El instituto Smolny, cuartel general de los bolchevi­ques, está en la periferia de Petrogrado. Años antes se consideraba “muy alejado en el campo”, pero la ciudad creció hasta encontrarlo, lo tragó y finalmente lo de­claró suyo. Smolny es un lugar enorme; el gran edificio principal se estira en línea recta sobre centenas de me­tros con dos alas en cada extremidad, lo que forma una especie de largo patio. Pegado al ala norte está el pre­cioso convento de Smolny con sus domos azul mate y sus estrellas de plata. Antaño las jóvenes de noble estir­pe venían ahí de todas partes de Rusia para recibir una educación “adecuada”.

Llegué a conocer bien Smolny durante mi estancia en Rusia. Lo vi transformarse de un cuartel solitario y abandonado en una colmena llena de actividades y zumbando, corazón y alma de la última revolución. Vi a líderes alguna vez acusados, perseguidos y encarce­lados, ascendidos por la masa del pueblo de toda Rusia a los puestos más altos de la Nación. Los llevó el torbe­llino del radicalismo que barrió y todavía está barrien­do a Rusia, y ellos mismos no sabían por cuánto tiempo ni cómo podrían cabalgar ese torbellino...

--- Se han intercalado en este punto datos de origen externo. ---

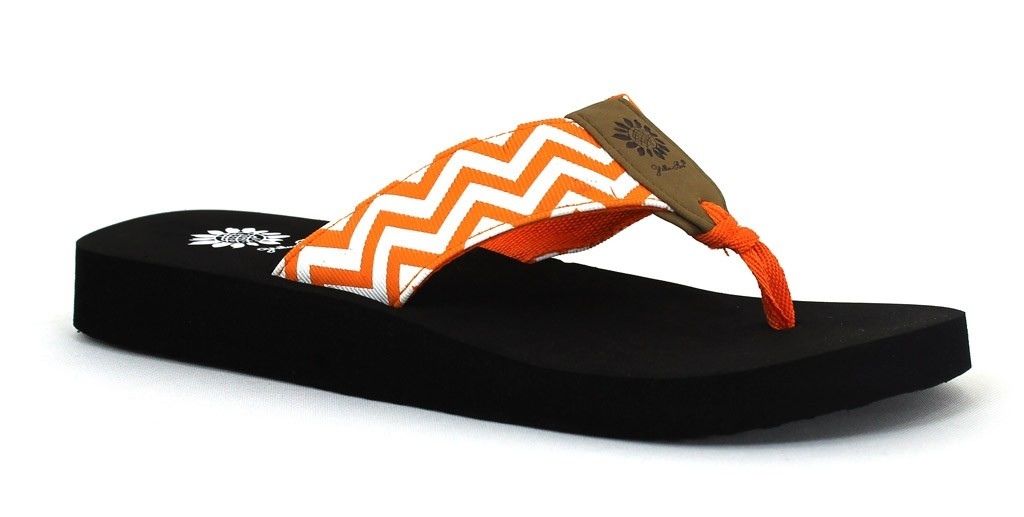 orange yellow box flip flops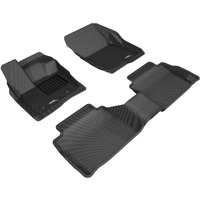 3D MAXpider All-Weather Floor Mats for Ford Fusion 2017 2018 2019 2020 2021 2022 Custom Fit Car Floor Liners, Kagu Series (1st & 2nd Row, Black)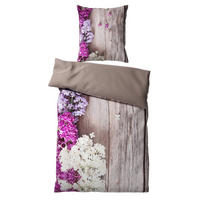 BETTWÄSCHE 2-teilig Flieder - Pink, Naturmaterialien (135/200cm) - Sanilo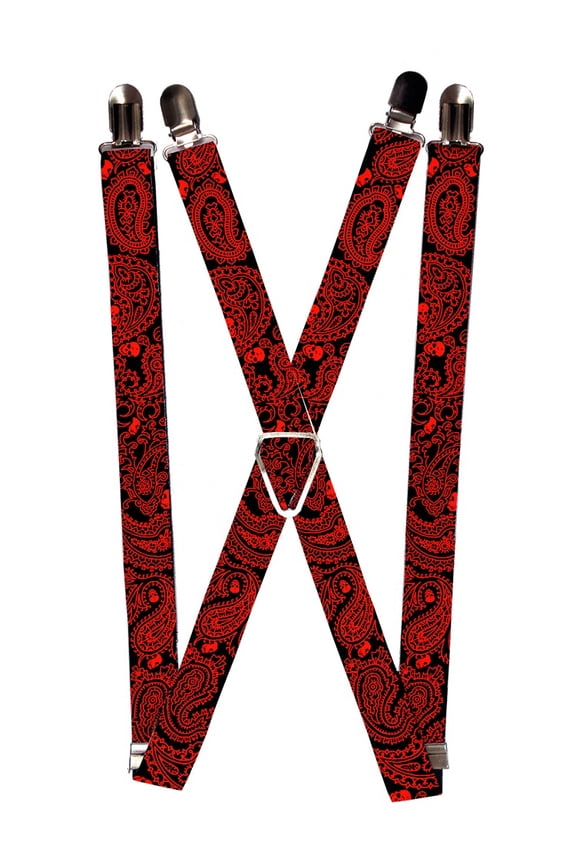 Red Paisley Pattern with Skulls on Black Suspenders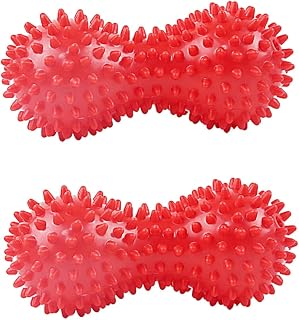 2 Piezas Unidades Masajeador de Bola Forma de Maní Mini Rodillo para Yoga y Masaje de Espalda Hombros Cuello Cintura y Piernas Herramienta para Relajación Muscular Color Rojo
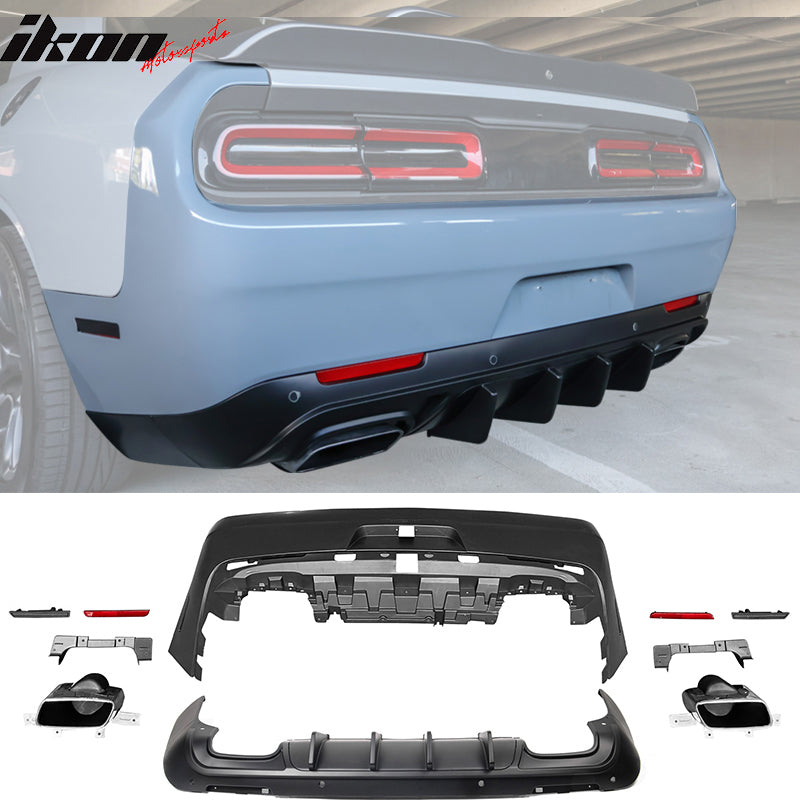 2008-2014 Dodge Challenger Front + Rear Bumper Cover + Diffuser PP
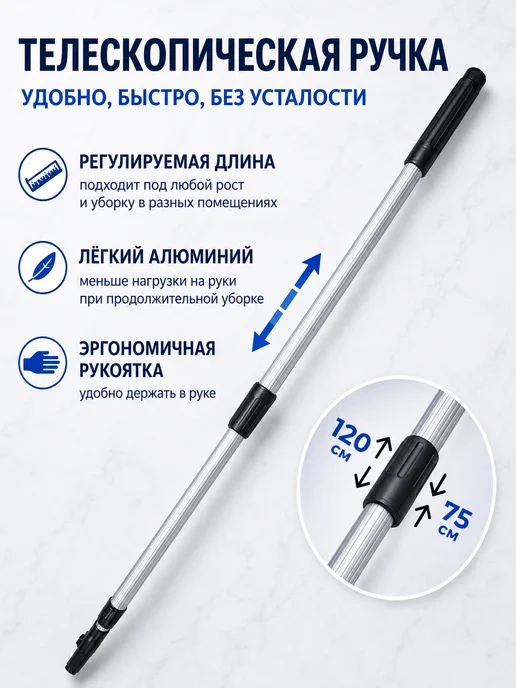 Водосгон для окон с длинной ручкой 120 см, Водосгон 120, фото 3
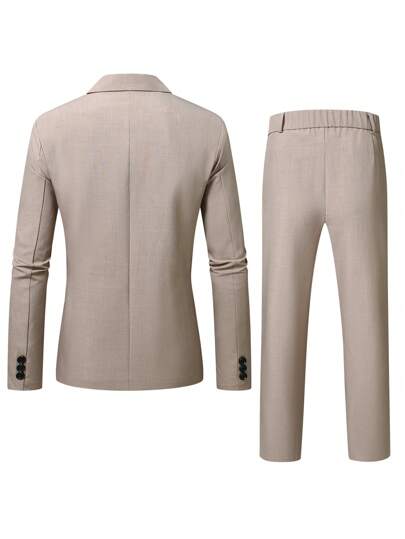 Manfinity Bizformal بدلة رجالية كاجوال بقصة رقبة على شكل حرف V، لون قهوة، مناسبة لفصلي الربيع والصيف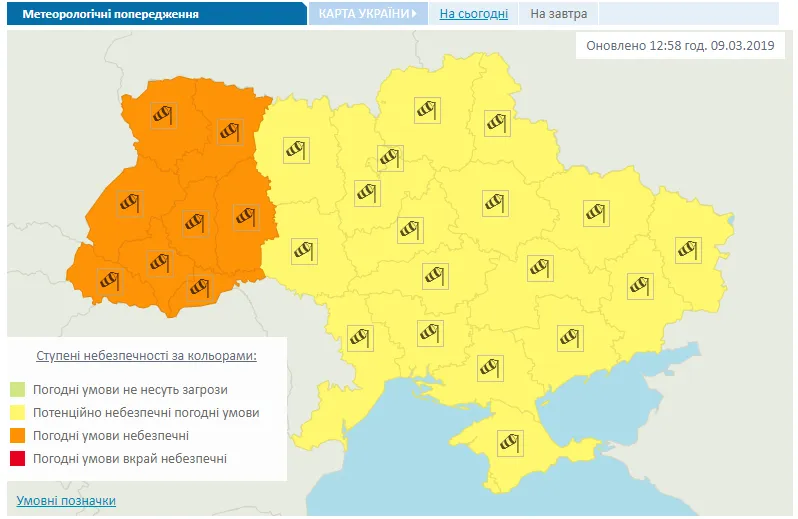 Штормове попередження, Україна, негода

Smolny siempre ha sido un lugar extraño. En los pa­sillos cavernosos y oscuros en los cuales vacilaba aquí y allá una débil luz eléctrica, todos los días miles y miles de soldados, marinos y obreros caminaban pesadamente con sus botas lodosas. Todo el mundo parecía tener algo que hacer en Smolny y los blancos pisos pulidos, que pi­saron alguna vez con pasos ligeros los piecitos de las jó­venes despreocupadas, se han vuelto oscuros y sucios; el gran edificio temblaba con los pasos del proletariado...

Comí muchas veces con los soldados en el gran come­dor de la planta baja. Había largas mesas toscas y bancos de madera, y un fuerte ambiente de amistad lo impreg­naba todo. Si era uno pobre y tenía hambre, siempre era bienvenido en Smolny. Comíamos con cucharas de madera, del tipo de la que los soldados rusos llevan en sus botas, y todo lo que había de comer era sopa de col y pan negro. Siempre estábamos agradecidos por ello y siempre teníamos miedo de que tal vez al día siguiente no habría ni eso... Formábamos largas filas al mediodía, platicando como niños. “Así que eres estadounidense, Tovarishe, ¿y cómo van las cosas en Estados Unidos?”, me preguntaban.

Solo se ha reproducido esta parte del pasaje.